Maine Woman Is Killed in Possible Shark Attack
Maine may have experienced its first-ever fatal shark attack.
Officials in the Pine Tree State are investigating a possible shark attack that took place Monday and left one woman dead. If it's confirmed, it will go down in the books as Maine's first official deadly shark attack, ABC News reported.
The Maine Department of Marine Resources posted on Facebook that "an eye witness reported that the woman was swimming off the shore near White Sails Lane when she was injured in what appeared to be a shark attack. Kayakers nearby brought her to shore and EMS responders were called to the scene where she was pronounced deceased." The post went on to say, "Until further notice, swimmers and boaters are urged to use caution near Bailey Island and to avoid swimming near schooling fish or seals."
Bailey Island is in Casco Bay, just east of Yarmouth and Freeport. Maine Department of Marine Resources spokesman Jeff Nichols told the Boston Globe that he could not find records of any fatal attacks before Monday.
Nichols also told the Boston Globe that the last known shark attack occurred off the coast of Eastport in 2010, when a diver swam near salmon pens. Local news reports said the diver used his camera to fend off the shark and escaped unharmed, according to the Boston Globe.
The Boston Globe also reported that although It's unclear what kind of shark the diver saw, he believed it was a porbeagle.
James Sulikowski, a shark researcher in charge of Arizona State University's Sulikowski Shark and Fish Conservation Lab, has spent years researching white sharks in Maine in collaboration with the Atlantic White Shark Conservancy.

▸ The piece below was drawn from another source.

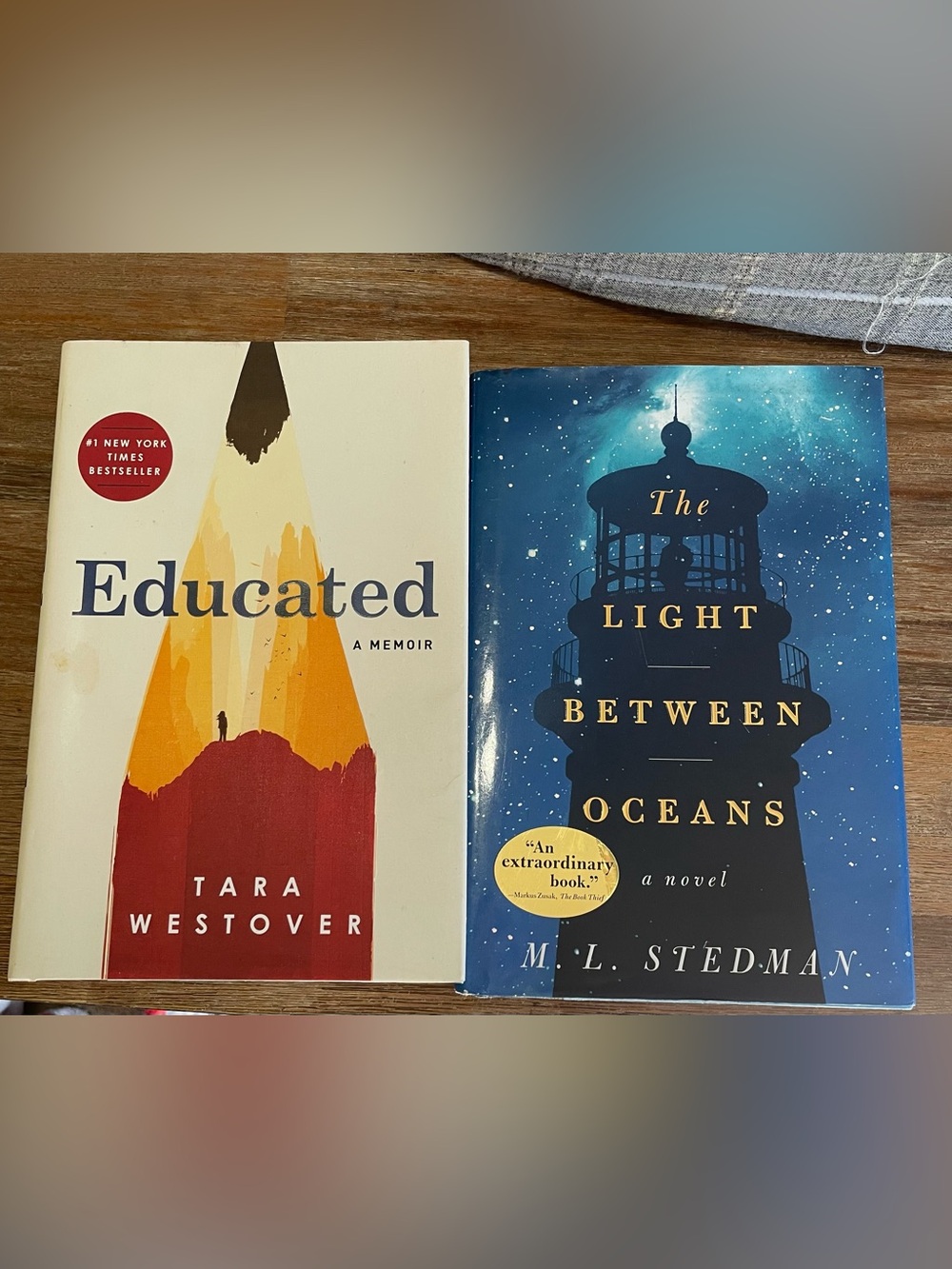 Book Bundle / The Light Between Oceans / Educated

He said there are eight shark species found off Maine's coast, but only white sharks are known to have attacked people, the Boston Globe reported.
When that happens, Sulikowski said, it's most likely because the shark has mistaken a human for a seal.
"The shark wasn't looking to eat this woman," Sulikowski told the Boston Globe. "It thought it was getting a seal. We've never been on their menu. We don't taste like what they want."
He added that white sharks try to take their prey by surprise. "They come up from below or behind, undetected, and just try to overpower their prey with a ferocious blow," he told the Boston Globe.
Sulikowski told The Portland Press Herald that it could have been a white shark attack. The Boston Globe reported that this past weekend, Sulikowski and his team were contacted about a dead seal on the beach in Phippsburg, near Bailey Island, that had a 19-inch bite mark in it.